E eu atrás, no burro de Sancho, murmurava:
- Que beleza!

                Em três outros momentos, Eça me emocionou ao eriçamento da pele.
                No instante em que o narrador vai denunciar a exploração do homem do campo, aparece o movimento socialista nascente na época, que certamente afetou o romancista. A “Civilização reclama insaciavelmente regalos e pompas, que só obterá, nesta amarga desarmonia social, se ao Capital der ao Trabalho, por cada arquejante esforço, uma migalha ratinhada”. Até os grandes escritores cometem os seus cacófatos (por/cada), mas não erram na notação do real. E, adiante, o burguês rural, indiferente ao que ocorre na sociedade, irá descobrir e atuar para se redimir perante a classe trabalhadora.

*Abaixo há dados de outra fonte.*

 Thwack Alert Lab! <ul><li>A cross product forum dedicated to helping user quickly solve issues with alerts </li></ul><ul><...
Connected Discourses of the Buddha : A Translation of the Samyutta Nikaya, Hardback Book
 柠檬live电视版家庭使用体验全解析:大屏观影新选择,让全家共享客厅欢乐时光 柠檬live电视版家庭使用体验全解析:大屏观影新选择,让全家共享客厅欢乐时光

                Para o narrador que foge do romantismo e do realismo, procurando ingressar numa radicalidade moderna, Eça tem de fazer sua entrada na natureza enfrentando esse rito de passagem. Num mesmo parágrafo se mantém romântico (Por toda parte a água sussurrante, a água fecundante...), ou se mantém simbolista nas repetições (Brancas rochas, pelas encostas, alastravam a sólida nudez do seu ventre polido pelo vento e pelo sol; outras, vestidas de líquen e de silvados floridos, avançavam como proas de galeras enfeitadas); mas realista social, por que não, utilitarista capaz de presenciar o lucro na fartura (notou a robustez e a fartura das oliveiras).

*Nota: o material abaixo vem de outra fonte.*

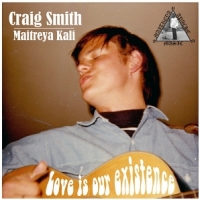 Smith, Craig (maitreya Kali) Love Is Our Existence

                Nesse que é quase uma obra póstuma, pois Eça faleceu quando revisava as suas provas, há uma antevisão da época e também premonição do que viria a ser o confronto entre conhecimento e utilitarismo. Jacinto se envolve em projeto social junto aos seus trabalhadores e, após os personagens estarem instalados e organizados no meio rural, onde reina a natureza, a organicidade, o narrador retorna a Paris. Para formular a premonição de confronto do homem que virá, ele vai parar por acaso num ambiente universitário – num episódio quase extemporâneo dentro da narrativa só para a fabulação do futuro –, só para que dentro de uma aula um estudante, “abortozinho de rapaz”, berre contra o narrador, isto é, contra o ensino de humanidades: “Sale Maure!”. Na antepenúltima página do romance, este grito de “mouro imundo” expressa a repugnância da modernidade que se aflora no despertar do Século XX contra as doutrinas consideradas inúteis, que não geram lucro, bem como antecipam a movimentação social de intolerância, na Europa, contra algumas raças. Se Eça estivesse por aqui iria ver como esse berro ecoa ainda mais alto na pós-modernidade.
                Assim como em O conformista, de Alberto Moravia, o narrador acaba não de envolvendo nalguma resistência, pois, em vez de promover enfrentamento deste caos que se descortina no cenário europeu, que iria culminar na instalação de governos totalitários e na deflagração de guerras mundiais, prefere fazer um retorno de se entocar n”as serras” e, certamente, assistir à distância o movimento dos canhões. E quem não enfrenta acaba contribuindo para a evolução de movimentos destroçadores da ordem da Humanidade.
                Ao longo da escritura destas notas, reli O Mandarim. Encanto de narrativa fantástica, que denuncia, certamente, o colonialismo.  Depois de tocar a campainha de se apossar dos bens de outros povos, nada mais resta para reparar a destruição que o gesto acarreta. Portanto, Eça de Queiroz não é só artesão da língua portuguesa (para ele, uma viagem não é simplesmente embarcar, uma partida, mas “pus a proa ao Oriente”), sobretudo é o cronista visionário do fim de uma época, de uma virada de século.